Where are the fault-lines? Where is data duplicated? Where is data redundant? Why must the customer supply the same information again and again? Can data be made accessible (can the Call Centre attendant see the customer records whilst they are talking to the customer?) Can the bank access the client profitability across product usage when a rate decision is being made? Can the hotel access what pillows the frequent traveller prefers? What happens if there are systems breakdowns? Where are there obstructions in the data flows? Where is technology incompatible?
What is the nature of the data (numeric, qualitative)? How are ratings data reconciled with volume data?
What is its periodicity? How can quarterly data connect to daily data?
What is the original purpose of the data (is it sales data, monetary value data, volume of transaction data, yield/customer data, value of transaction data, acquisition data, retention data, qualitative (reasons why churn happens) data, Call Centre data, external market data (makes size and growth), external brand data (brand health and awareness), NPS or customer satisfaction data, demographic or other profile data, product volume data, customer data? How is that translated into consumer data that drives customer centricity?
To conclude
In my view, the purpose/ objective of a data strategy is key. It is the key performance KPI.
Why do you need a data strategy? What really drives the business?
Most important. know and talk to your customers personally. That is the basis for everything we do in marketing, from addressing them right, to great creative content to delivering good customer service.

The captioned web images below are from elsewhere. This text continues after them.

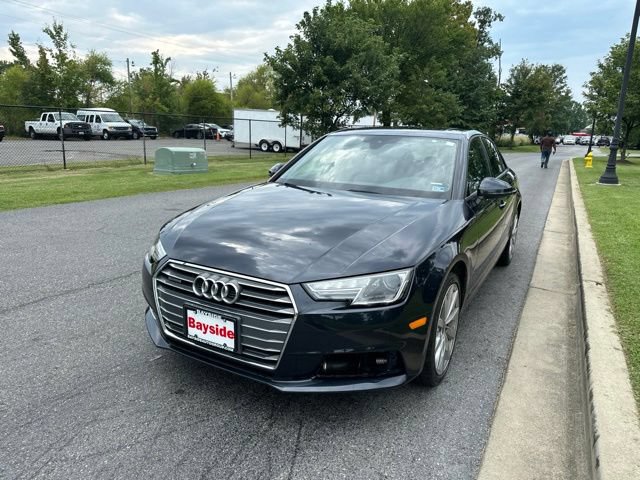 Used 2017 Audi A4 2.0T Premium w/ Convenience Package AWD/4WD image 6
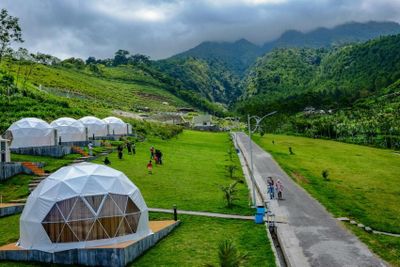 3 Rekomendasi Glamping di Malang dengan Pemandangan Alam Indah dan Fasilitas Modern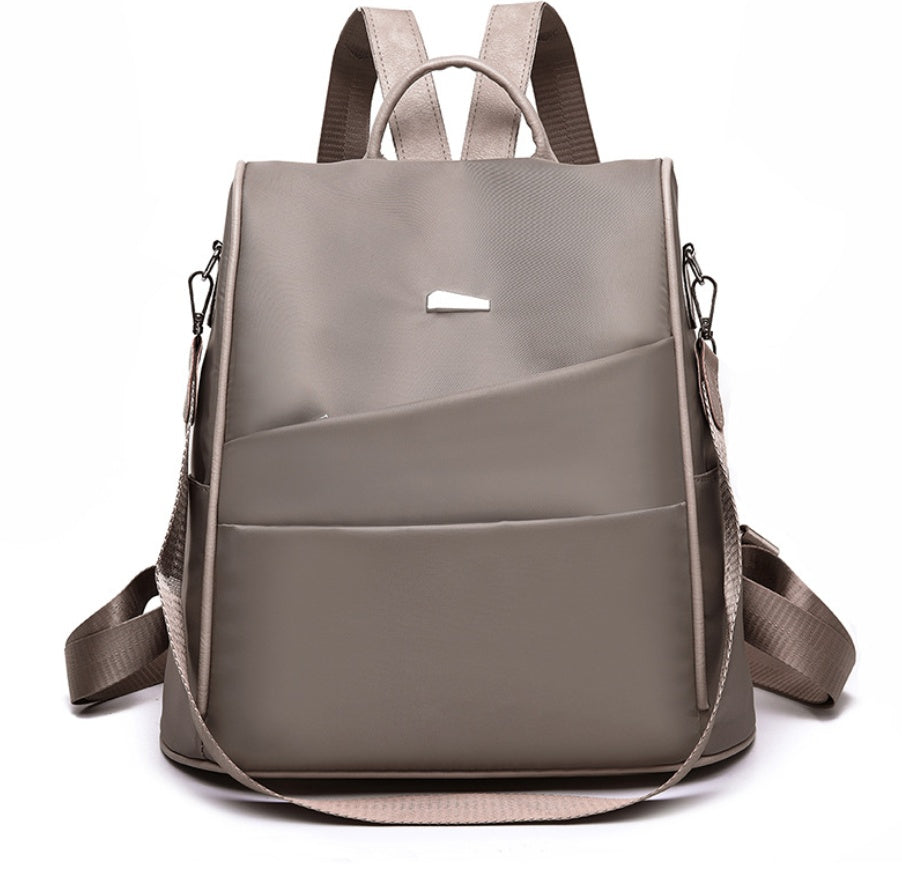 Henrietta Vegan Women’s Multifunction Backpack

Then, decide what data drives the business, prioritise and decide what process is required to put a data strategy in place.
Then review governance, classification and structural issues. Without this, you will re-do the same things over and over again.

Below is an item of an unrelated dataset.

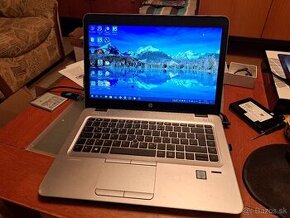 HP EliteBook 840 G3 s i5, platí do zmazania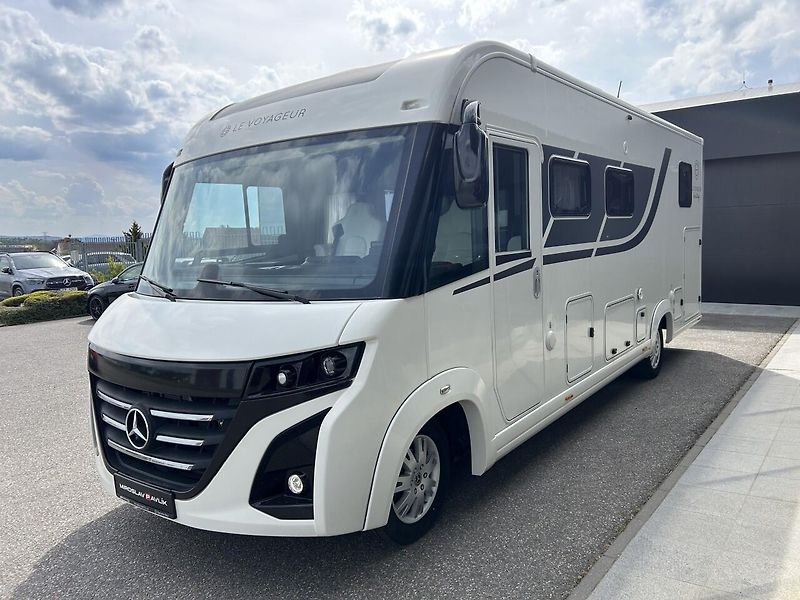 LeVoyageur Ostatní LVX 8.0 GHF Heritage Mercedes - fotka 3 z 57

As with everything, test-and-learn. Most companies start from a low base of customer data, they can only improve!
And even if the Internet of Things is amazing, first get the basics right before you start creating connected Eco-systems.
The major issue is, the technology now enables data connectivity, disruptive brands demonstrate the art of the possible, so companies no longer have any place to hide if they do not go about data strategy in the right way. Every day lost, or doing a “panel-beating” job that is inopportune, is a lost opportunity.
To get data “right” may be hard, but companies do not have a choice.